A verbatim repetition of the data below is requested, without images.

(Dataset entries begins)

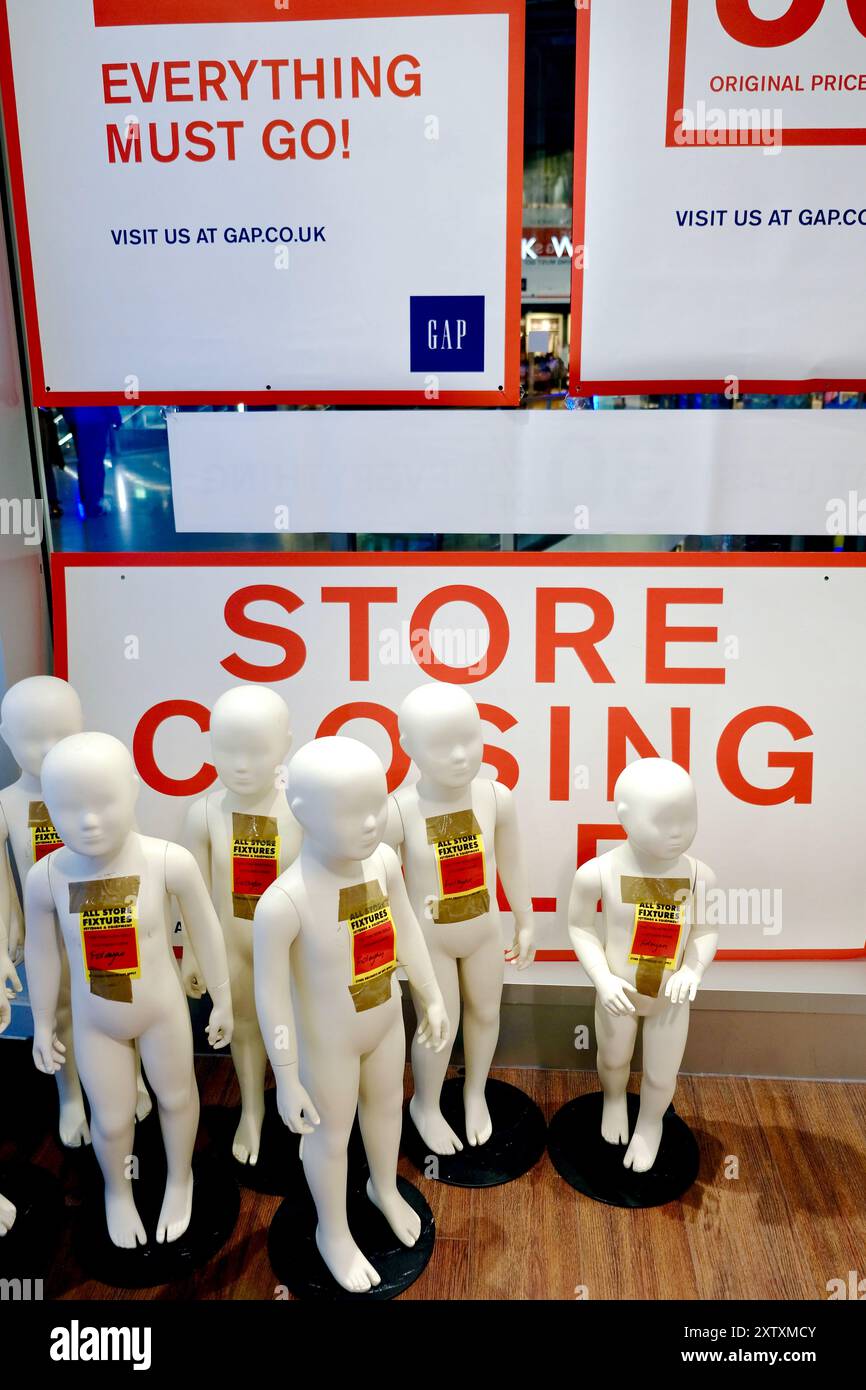 Child sized mannequins being sold off at the front of a closing down ...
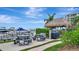 Relaxing waterfront patio area with picnic tables and grill at 660 Island Way # 506, Clearwater Beach, FL 33767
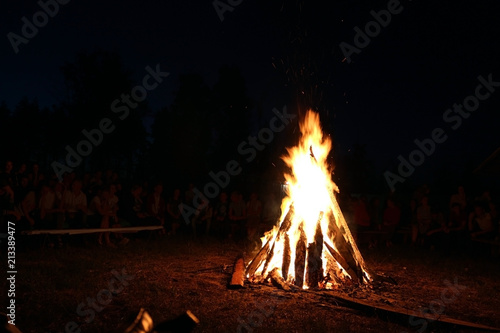 Blurred People sit at night around a bright bonfire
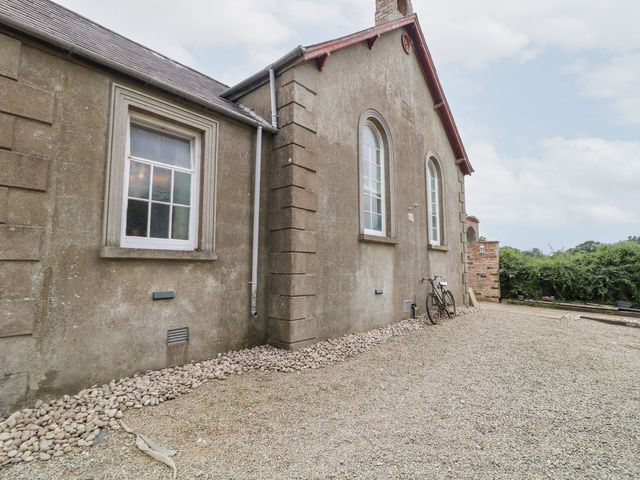 An exterior view of the property with a bicycle near the wall at Crea The Mission Hall near Ballymena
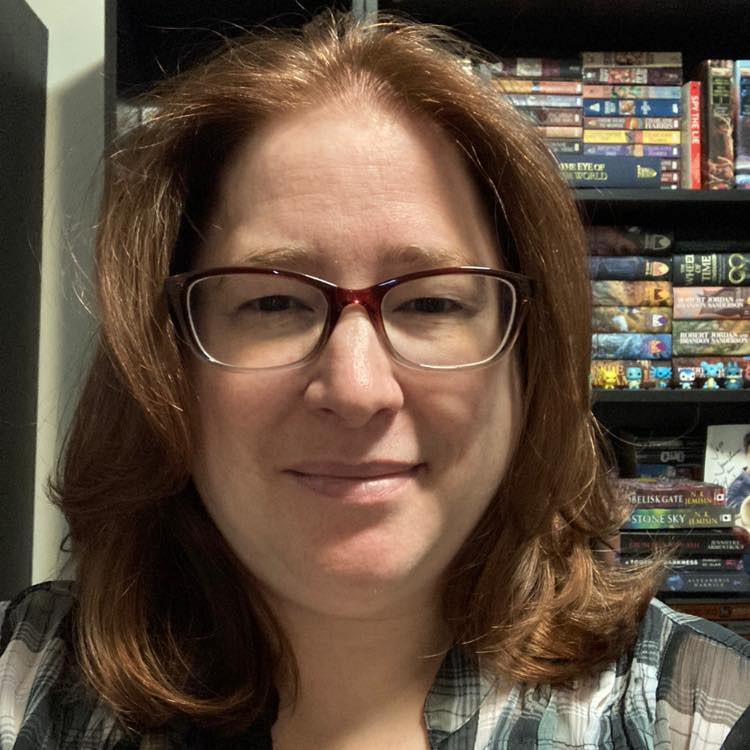 woman with red hair cut just past the shoulders wearing glasses in front of a bookshelf.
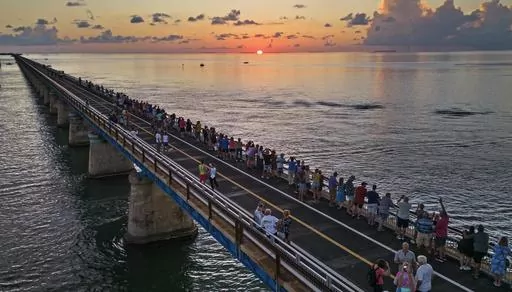 In this aerial photo provided by the Florida Keys News Bureau, attendees watch and toast the sunset at a Florida Keys bicentennial celebration, Friday, May 19, 2023, on the restored Old Seven Mile Bridge in Marathon, Fla. The sunset gathering was among a series of Keys events being staged to mark the 200th anniversary, on July 3, of the Florida Territorial Legislature's 1823 founding of Monroe County, containing the entire island chain. The old bridge was originally part of Henry Flagler's Flori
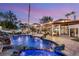 Gorgeous backyard with a custom pool featuring a rock waterfall, lighting, and a covered patio area at 2101 Diamond Bar Dr, Las Vegas, NV 89117
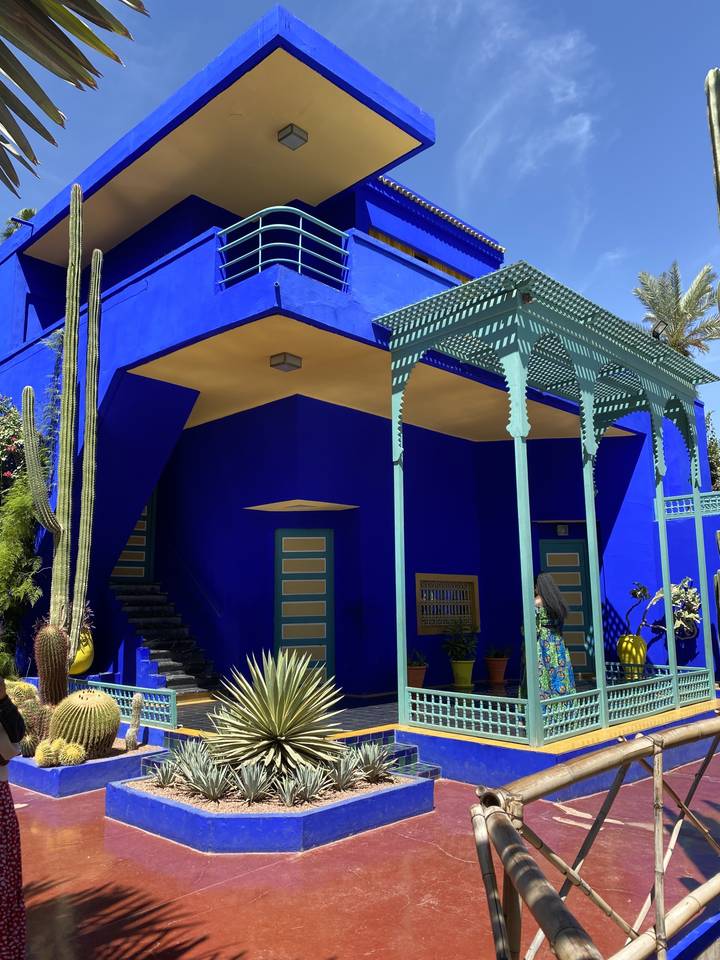 Vibrant blue building with plants and intricate details.
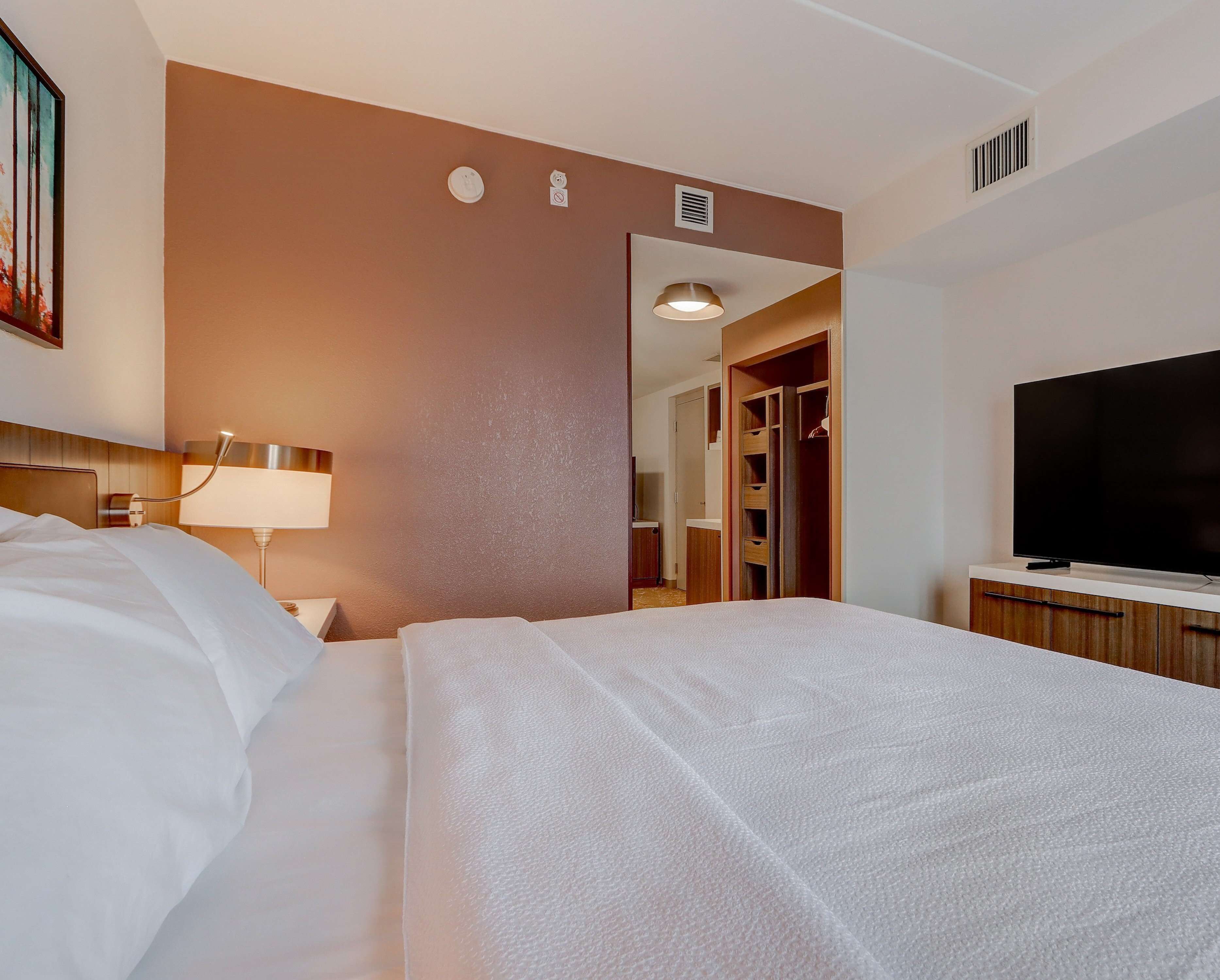 desk, blackout curtains, iron/ironing board, free cots/infant beds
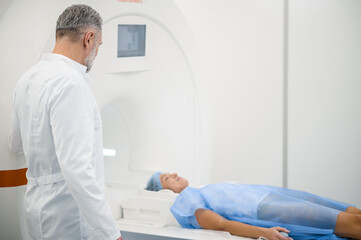 Doctor working in diagnostic center and looking involved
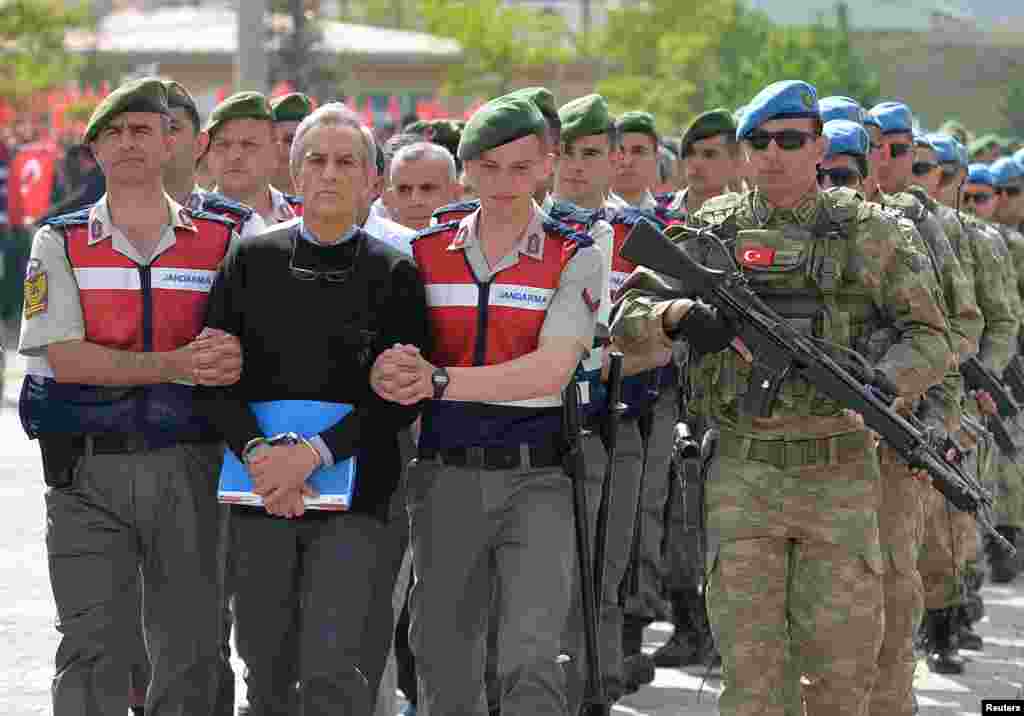 Akin Ozturk, a former Turkish Air Force commander who is accused of plotting and orchestrating last year's failed coup, is escorted by gendarmes as he arrives at the court in Ankara.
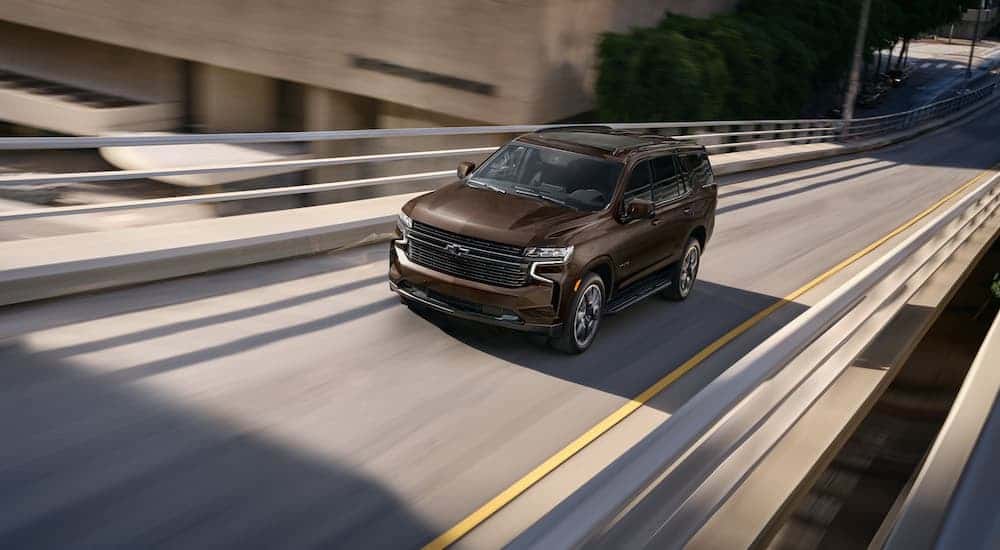 Aerial view of a brown 2022 Chevy Tahoe RST driving on an empty highway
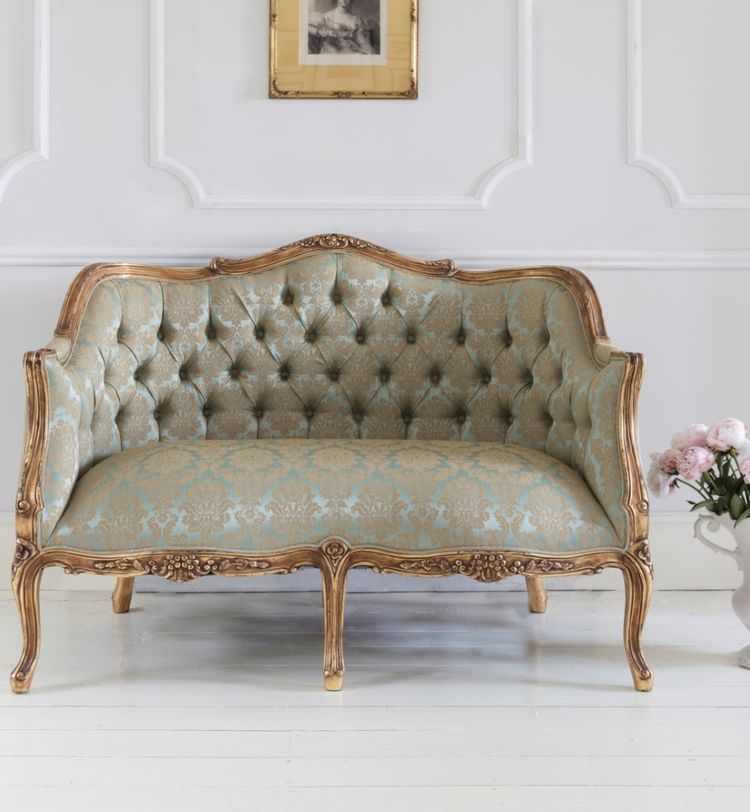 Elegant vintage loveseat with ornate wooden frame and tufted floral upholstery, set against a white paneled wall with a framed picture above.
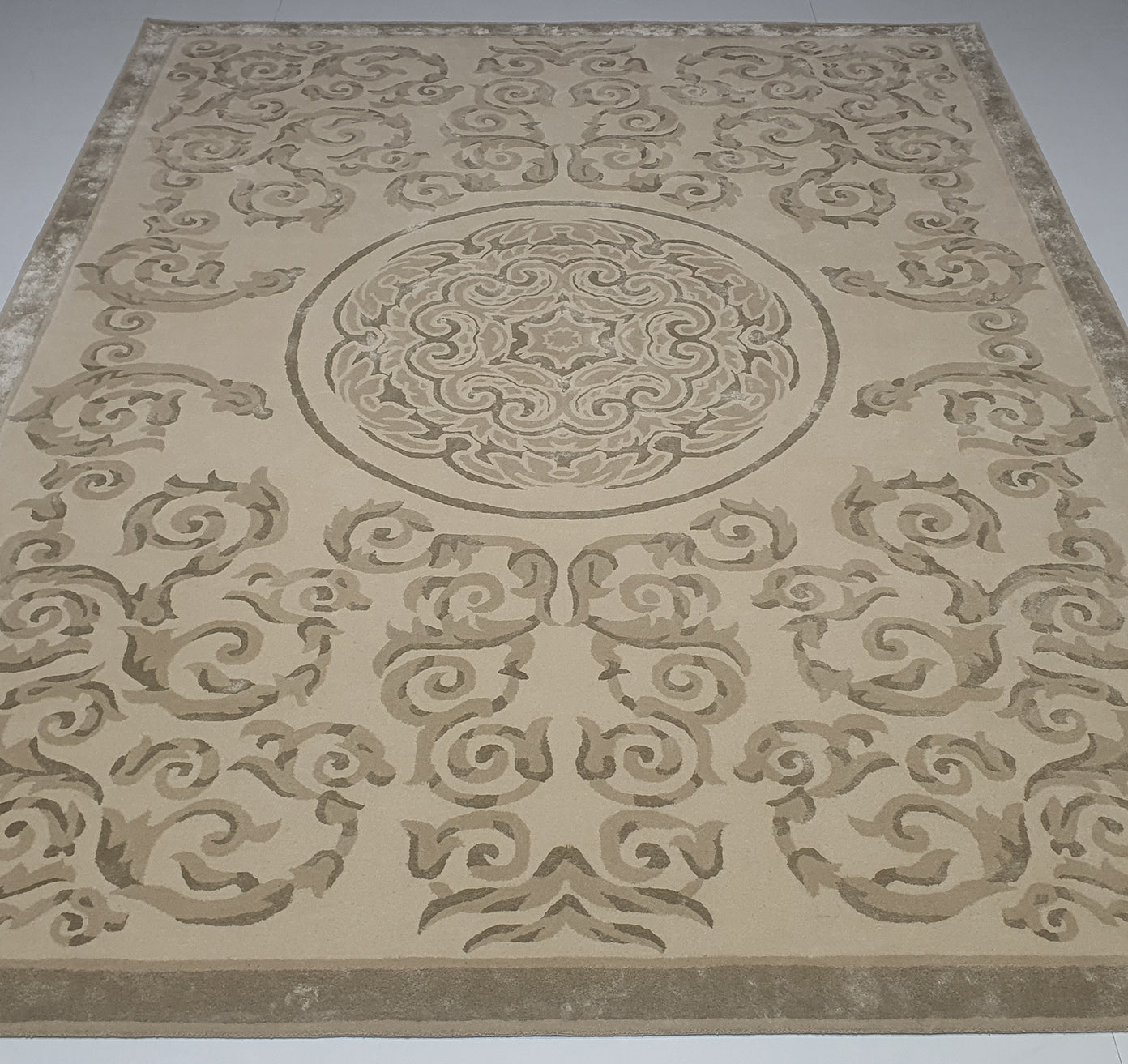 The RAMSHA HOME Amazing Multi Color Modern Floor Rug - HTWV 57 (300x400cm) features a rectangular beige handtufted wool design with tan and brown swirls, floral motifs, a central medallion, and a detailed patterned border.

(Dataset entries ends)

- [Output below]
 Child sized mannequins being sold off at the front of a closing down ...
 Relaxing waterfront patio area with picnic tables and grill at 660 Island Way # 506, Clearwater Beach, FL 33767
 Blurred People sit at night around a bright bonfire
 An exterior view of the property with a bicycle near the wall at Crea The Mission Hall near Ballymena
 woman with red hair cut just past the shoulders wearing glasses in front of a bookshelf.
 In this aerial photo provided by the Florida Keys News Bureau, attendees watch and toast the sunset at a Florida Keys bicentennial celebration, Friday, May 19, 2023, on the restored Old Seven Mile Bridge in Marathon, Fla. The sunset gathering was among a series of Keys events being staged to mark the 200th anniversary, on July 3, of the Florida Territorial Legislature's 1823 founding of Monroe County, containing the entire island chain. The old bridge was originally part of Henry Flagler's Flori
 Gorgeous backyard with a custom pool featuring a rock waterfall, lighting, and a covered patio area at 2101 Diamond Bar Dr, Las Vegas, NV 89117
 Vibrant blue building with plants and intricate details.
 desk, blackout curtains, iron/ironing board, free cots/infant beds
 Doctor working in diagnostic center and looking involved
 Akin Ozturk, a former Turkish Air Force commander who is accused of plotting and orchestrating last year's failed coup, is escorted by gendarmes as he arrives at the court in Ankara.
 Aerial view of a brown 2022 Chevy Tahoe RST driving on an empty highway
 Elegant vintage loveseat with ornate wooden frame and tufted floral upholstery, set against a white paneled wall with a framed picture above.
 The RAMSHA HOME Amazing Multi Color Modern Floor Rug - HTWV 57 (300x400cm) features a rectangular beige handtufted wool design with tan and brown swirls, floral motifs, a central medallion, and a detailed patterned border.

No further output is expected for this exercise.